When you apply for your loans, Student Finance will ask for the household income during the tax year that ended the year before the academic year starts. For example:
|Funding in academic year||Is based on income during the tax year|
|2020/21||April 2018 - April 2019|
|2021/22||April 2019 - April 2020|
April 2020 - April 2021
If your household income has fallen by 15% since the tax year being assessed, you can ask for a current year income assessment (CYI). This requires your parents or partner to submit their predicted earnings for current tax year and send updates to Student Finance throughout the year.
If your parents or partner do this it's important that they are as accurate as possible when estimating their income. If they underestimate and you are paid too much, SLC may request money to be paid back or deduct any overpayment from payments in future.
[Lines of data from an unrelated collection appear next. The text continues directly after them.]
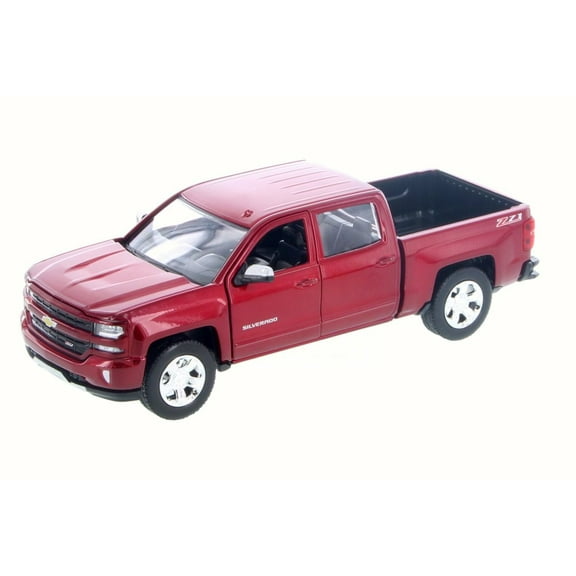 2017 Chevy Silverado 1500 LT Z71 Crew Cab Truck, Red - Motor Max 79348R - 1/27 Scale Diecast Model Toy Car
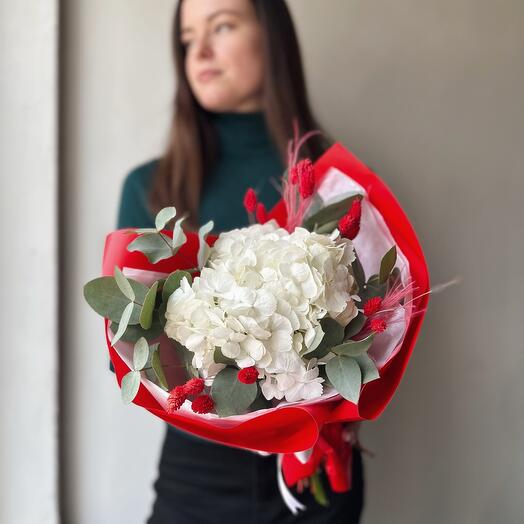 Моно с гортензией белой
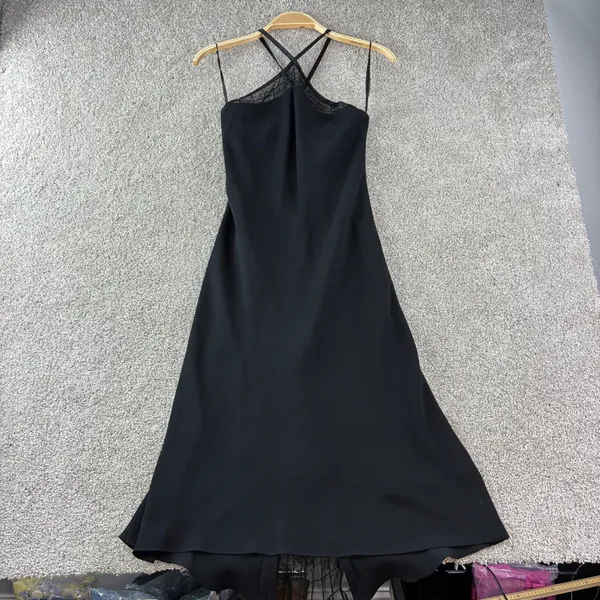 Jones New York Dress Halter Gown Womens 6 Black Formal Dress Sheer Beaded Hem‎ - Image 2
Once your parents or partner have requested a CYI assessment, you will remain on the CYI assesment system for the remainder of your course. i.e. your parents or partner will have to send predicted earnings each year of your study and you cannot return to the old system.
The household income threshold for receiving the maxmimum amount of maintenance loan is £25,000 per year. Hence, if your household income was £25,000 or under in the previous tax year, doing the CYI assessment will not make you eligible for any more maintenance loan.
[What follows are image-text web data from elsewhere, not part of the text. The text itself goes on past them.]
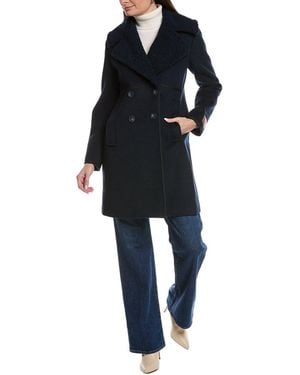 Scotch & Soda Runa Double-Breasted Mid-Length Coat - Blue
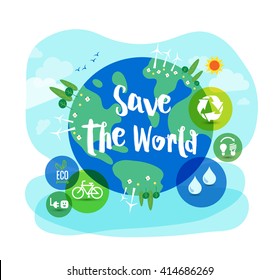Save the World sustainable development ecology concept illustration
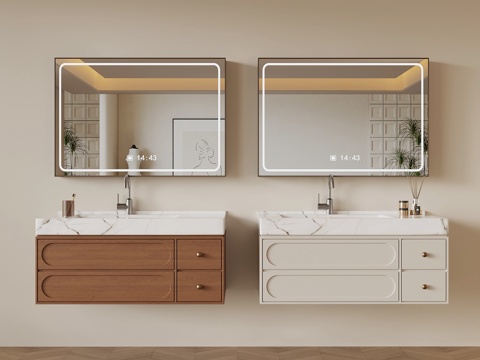 现代意式浴室柜 中古浴室柜 洗手台su模型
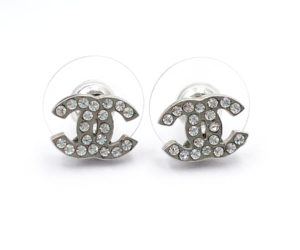 Chanel Classic Silver CC Crystal Small Piercing Earrings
The UCL Undergraduate Bursary provides additional funding to students with a household income below £42,875 per year. The bursary has four bands and those with a household income below £16,000 per year receive the maximum bursary. If a CYI assessment would move you between bands you could be entitled to a larger bursary award.
Other parts of Student Finance such as the Childcare Grant, Parents' Learning Allowance and the Adult Dependents' Grant are also based on household income. If you have child or adult dependents, doing a CYI assessment could also award you an increase in these grants.
Student Finance have a special page explaining the CYI assessment and how to apply here. Please read to get the full information.
You will need to complete a normal application to Student Finance first, with your parents or partner submitting their income for previous tax year.
They can then submit the CYI assessment form to Student Finance. They will re-calculate your funding based on the current tax year.